I checked my phone to confirm the hours. St. Kevin’s Food Pantry Open from 9:30 am to 11 am every other Wednesday. It was 10 am and no one was around. I did some further googling and discovered on other pages what I had already begun to fear. The pantry date had been changed. They now opened every third Wednesday.
“I’m afraid they changed the day of the food pick up.” “What do you mean changed?”
“It says it’s open every third Wednesday instead of every other Wednesday.”
Gordon threw up his arms then shook his head. “Whatever.” “Do you not care?
“Course I care, but what am I gonna do? Break down the door?”
The church was a solid building on the corner of a desolate avenue. It was a church like a lot of churches, pseudo-Norman or pseudo-Swiss, pseudo-something, with its little tower, its big windows, its signs inviting people to pray and instilling in them the fear of God. At least until recently, it passed out food on Thursdays, but Gordon didn’t get the memo.
“You always come here?”
“Course I always come here. What, do I look to you like a tourist? This is my neighborhood, and this is where I come every other Wednesday to get my two-week supply of food. No one told me they were gonna change it.”
A flotilla of trucks left these hangars every day to distribute food to more than 650 shelters, pantries, and soup kitchens all over Cook County.We stood there together for a moment, looking at the locked doors. “How am I supposed to eat this week?”
“You don’t have any other options?” At the question, he stared laughing.
“Oh, I got other options. You just don’t want to hear about them.”
He adjusted his pom-pom hat and walked away with laughter still in his voice.
“Nah, you don’t even want to know.”
*
Most of Chicago’s food pantries and soup kitchens are supplied by the Greater Chicago Food Depository (GCFD), which is in the southwest Chicago neighborhood of Archer Heights. Founded in 1978 by Robert Strube, a local fruit and vegetable merchant, the GCFD now occupied a building that in a less wealthy country could’ve been the headquarters of any old multinational corporation: an expanse of glass, steel, the stars and stripes flapping from its roof right above the state and city flags.
Wendy, my host, informed me that the building covered an area equivalent to five American football fields. Wendy was tall with thin blonde hair. She wore large eyeglasses and her thin lips were always ready to break into a smile. She was under thirty and had been working here for eight years. As we made our way down long corridors that emitted that omnipresent scent of chemical pine cleaner, people greeted her warmly. The GCFD appeared to be a place people were proud to work.
“Last year we distributed 64 million pounds of food,” she said, “approximately 30 thousand tons, the equivalent of 140 thousand meals per day. Can you imagine how satisfying this work is, knowing that you are sating the hunger of so many people?”
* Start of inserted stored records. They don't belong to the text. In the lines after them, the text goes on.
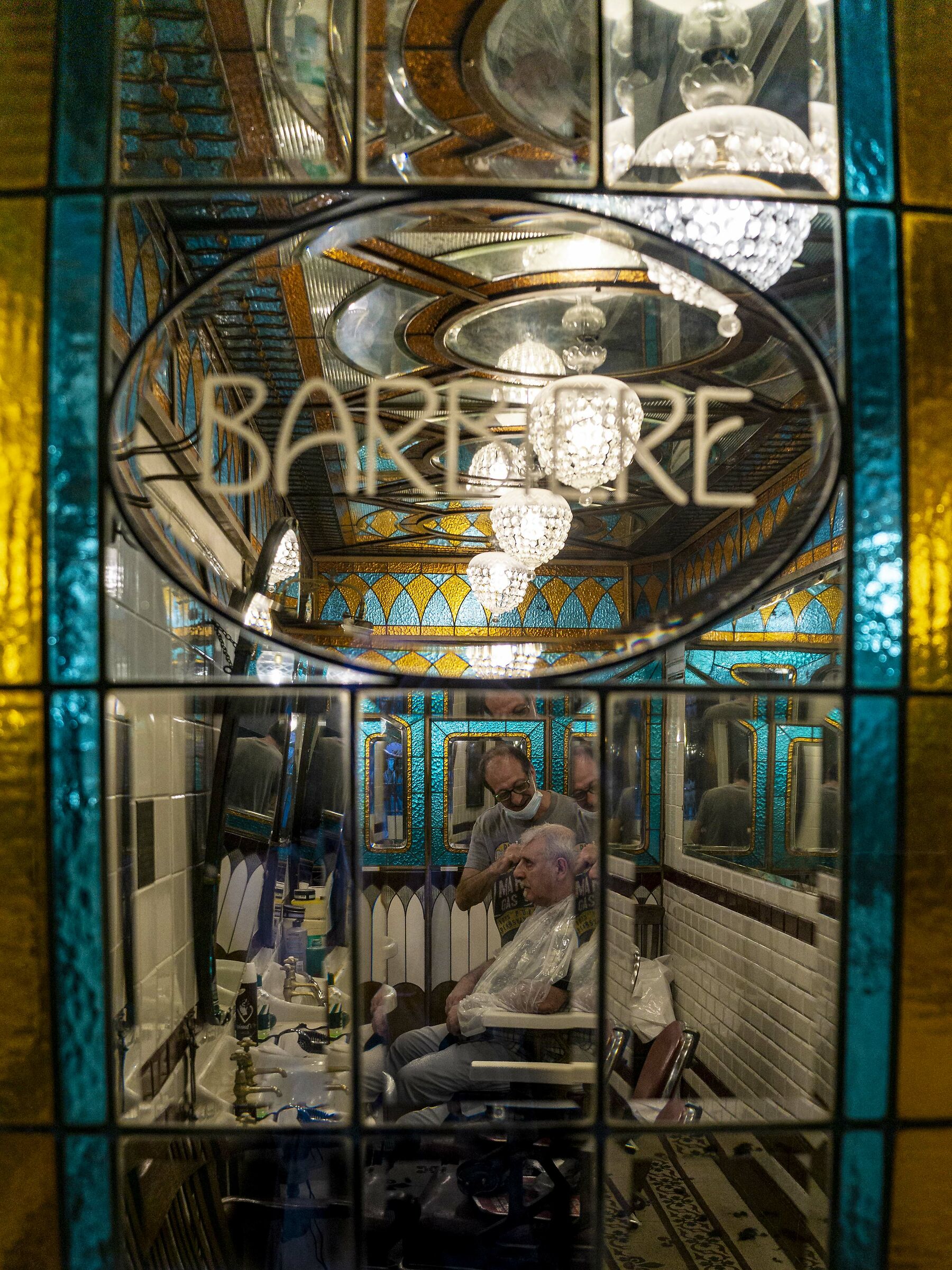 Barberia Giacalone dal 1882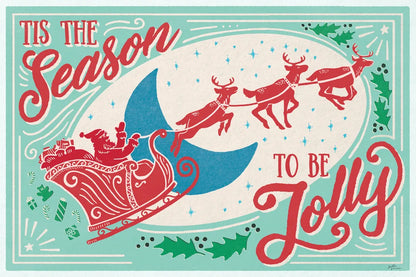 Naughty and Nice I Bright by Janelle Penner. SKU 67516i. Archival Giclee Fine art print for wall decor.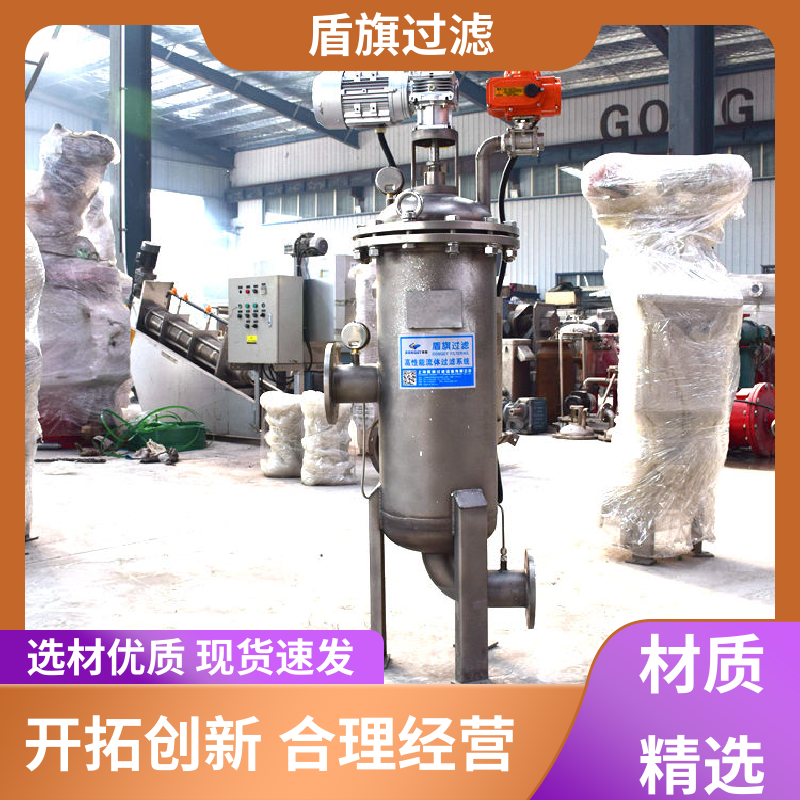 盾旗过滤 加工制作 y型自清洗过滤器 绿色环保 品质可靠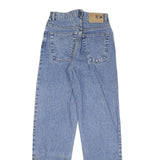 COCA COLA Mens Regular Fit Jeans Blue Denim Cotton Blend Button W36 L31 Classic
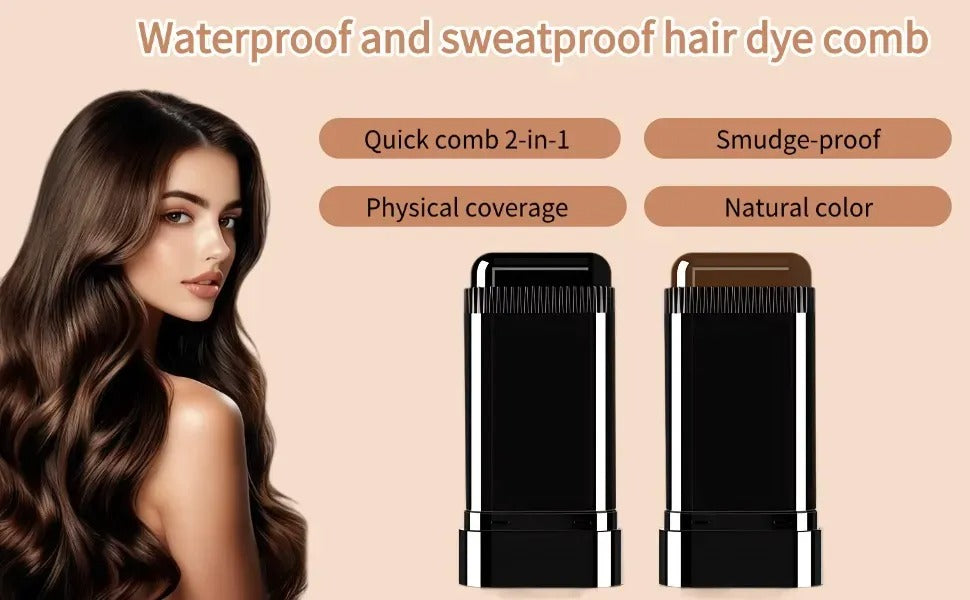 Portable Hair Dye Stick – Instant Root Touch-Up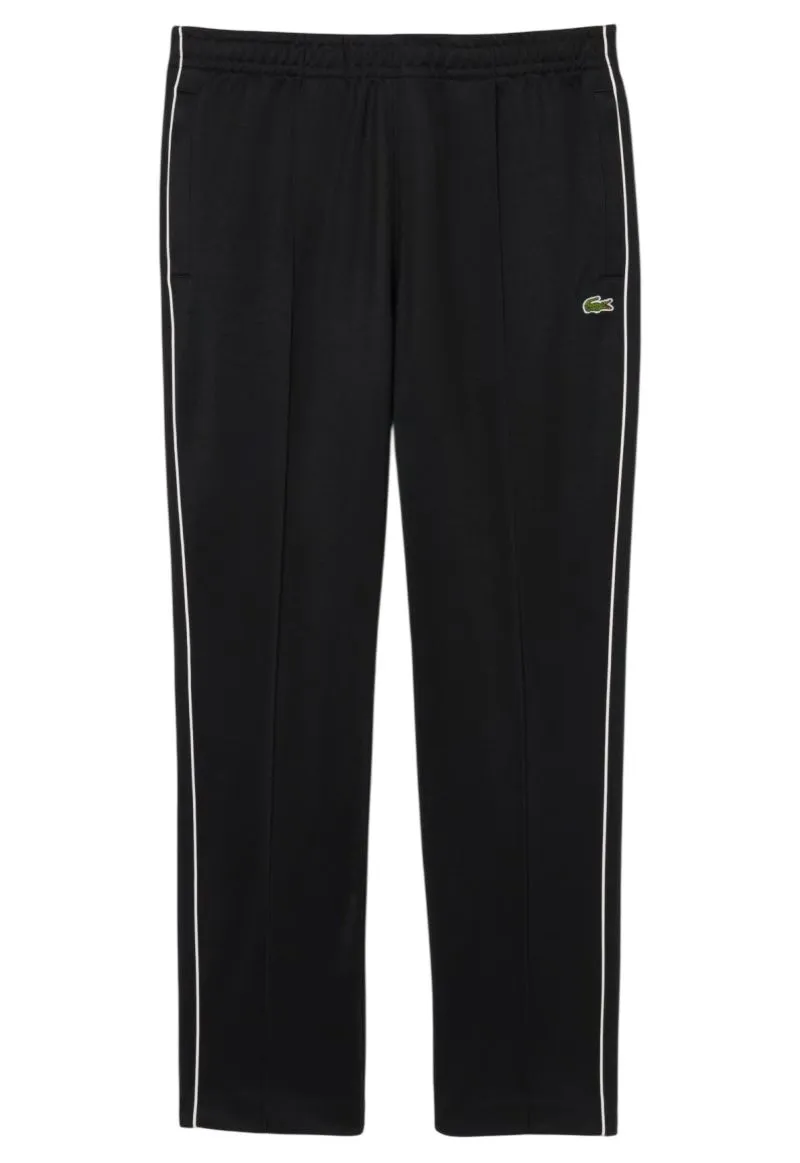 Lacoste Trim Accent Piqué - black Lacoste Trim Accent Piqué - black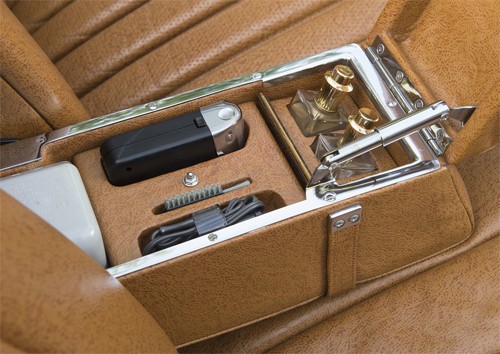 Mercedes 600 Pullman Landaulet - limo tổng thống hàng hiếm - ảnh 8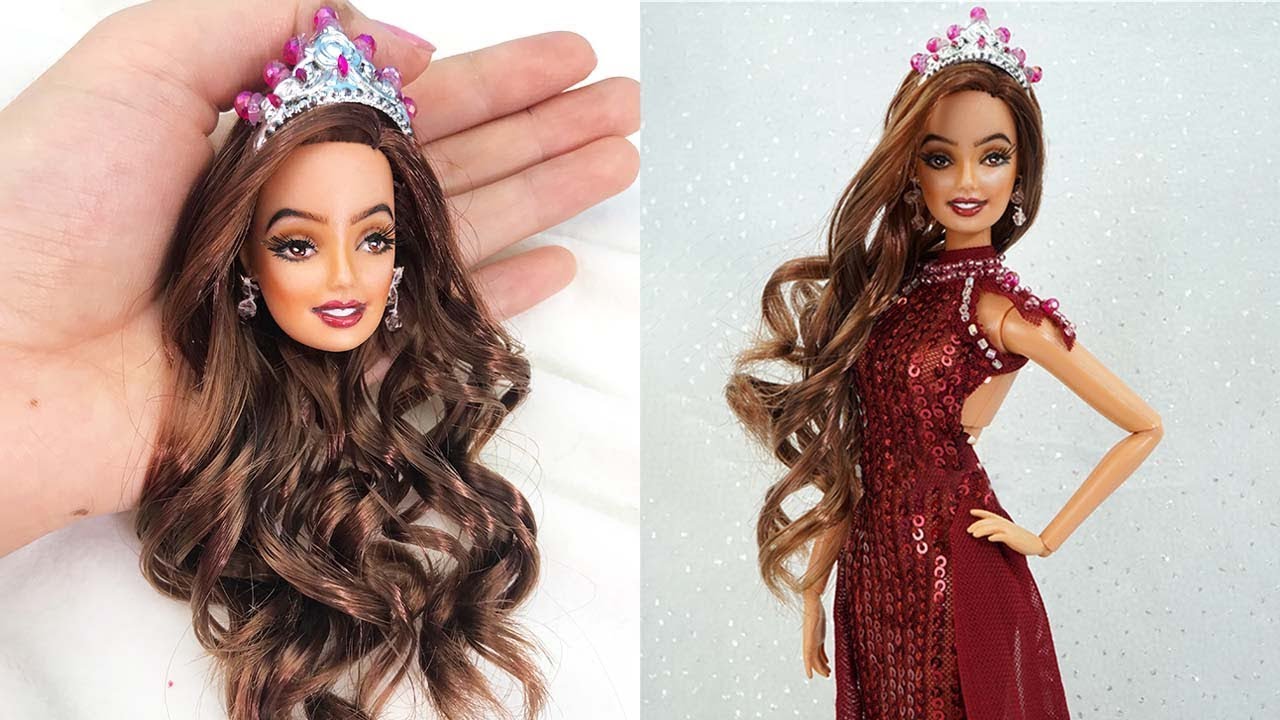 8 DIY's and Craft to Make Your Barbie a Real Queeen | Barbie Hacks To Look Like Famous Celebrities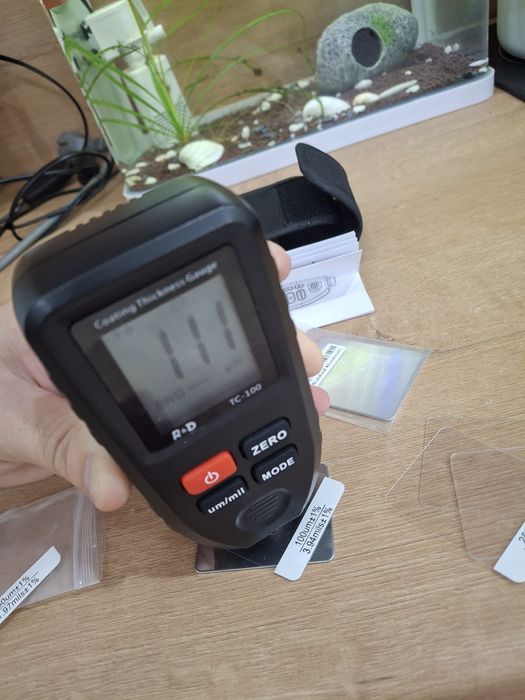 Толщиномер R&D новый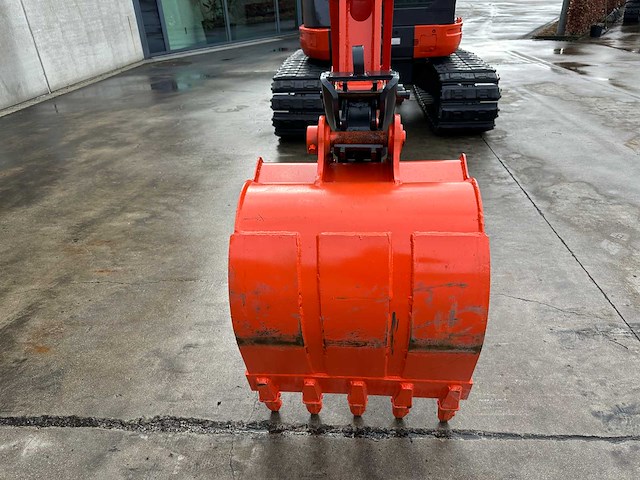 Kubota - 2013 - kx161-3sz - midigraafmachine - afbeelding 36 van  36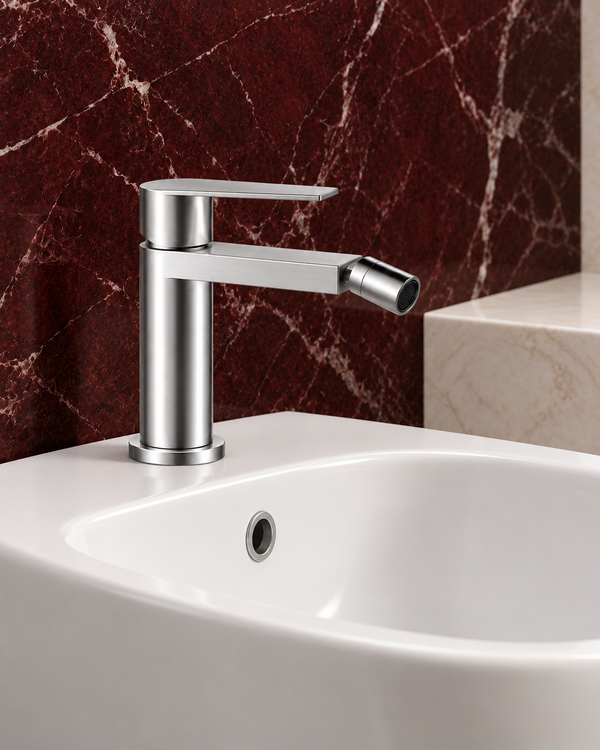 Miscelatore bidet Senso in acciaio inox – Exagonshop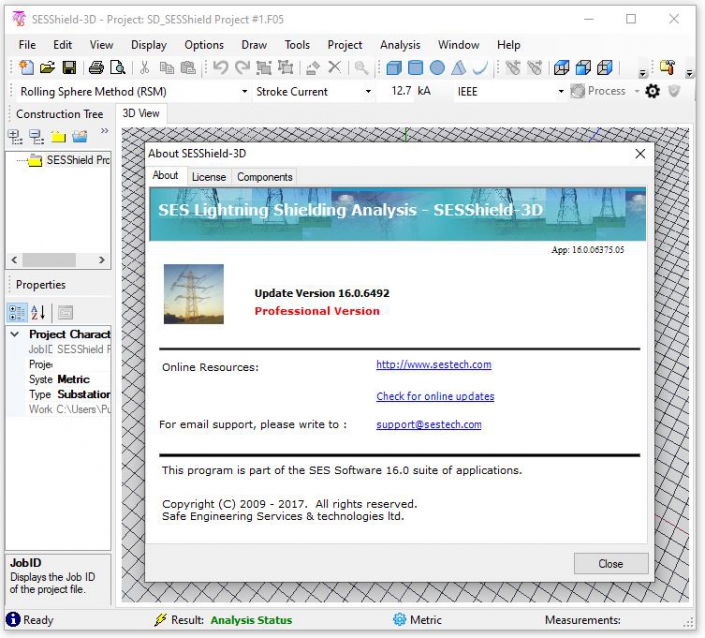 Download SES CDEGS 20.0 (April 2026 Update)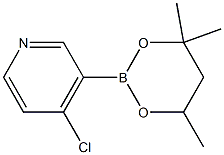 4-Chloro-3-(4,4,6-trimethyl-1,3,2-dioxaborinan-2-yl)pyridine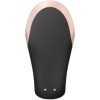 SATISFYER - VIBRATEUR DOUBLE LOVE LUXURY PARTNER NOIR SATISFYER PARTNER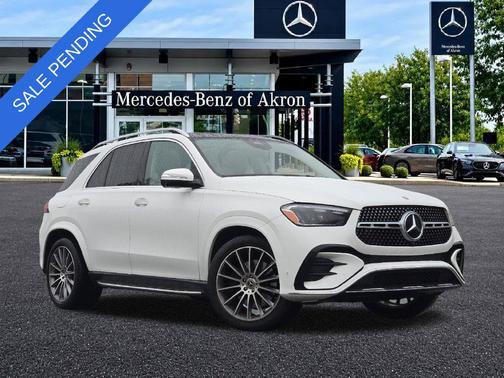 Polar White 2024 Mercedes-Benz GLE 350 4MATIC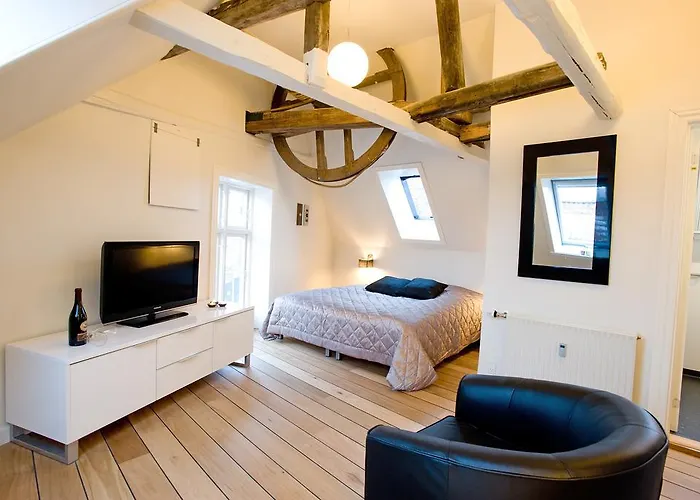 Familienhotel: Den Gamle Kobmandsgaard Bed & Breakfast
Wendy noted that the GCFD did more than just distribute food and pointed to rooms with industrial kitchens where people could take restaurant and cooking courses. There were also rooms with oversized conference tables and lecterns where people could learn more about hunger activism. But it was the enormous warehouses filled with produce and packaged goods that most commanded my attention. These storerooms were as big as ball fields, if not bigger, the size of hangers perhaps.
A flotilla of trucks left these hangars every day to distribute food to more than 650 shelters, pantries, and soup kitchens all over Cook County, which included the entire Chicago metropolitan area, and was the second largest county in the United States. The GCFD itself was responsible for feeding more than 800,000 people, 15 percent of Chicago’s population, who Wendy described as being afflicted with “food insecurity.”
“The worst part is that the numbers just keep increasing. Five years ago, there were half a million, now it’s four-fifths of a million. But no matter how many people we need to serve, we make sure to give them quality, nutritious food.”
I asked Wendy where Strube got the idea for such a vast operation. “In a bar after having enough drinks to believe that something like this could be possible. Strube and his friends were sick of throwing out all the leftover merchandise. Using his own food stall, he and a small group of volunteers started stockpiling what market owners could no longer shelve but what was still edible, and began to distribute them to those who needed it. Demand was so high that in the first year of operation, his team distributed nearly 500 thousand pounds of food donated by nearly 100 agencies.”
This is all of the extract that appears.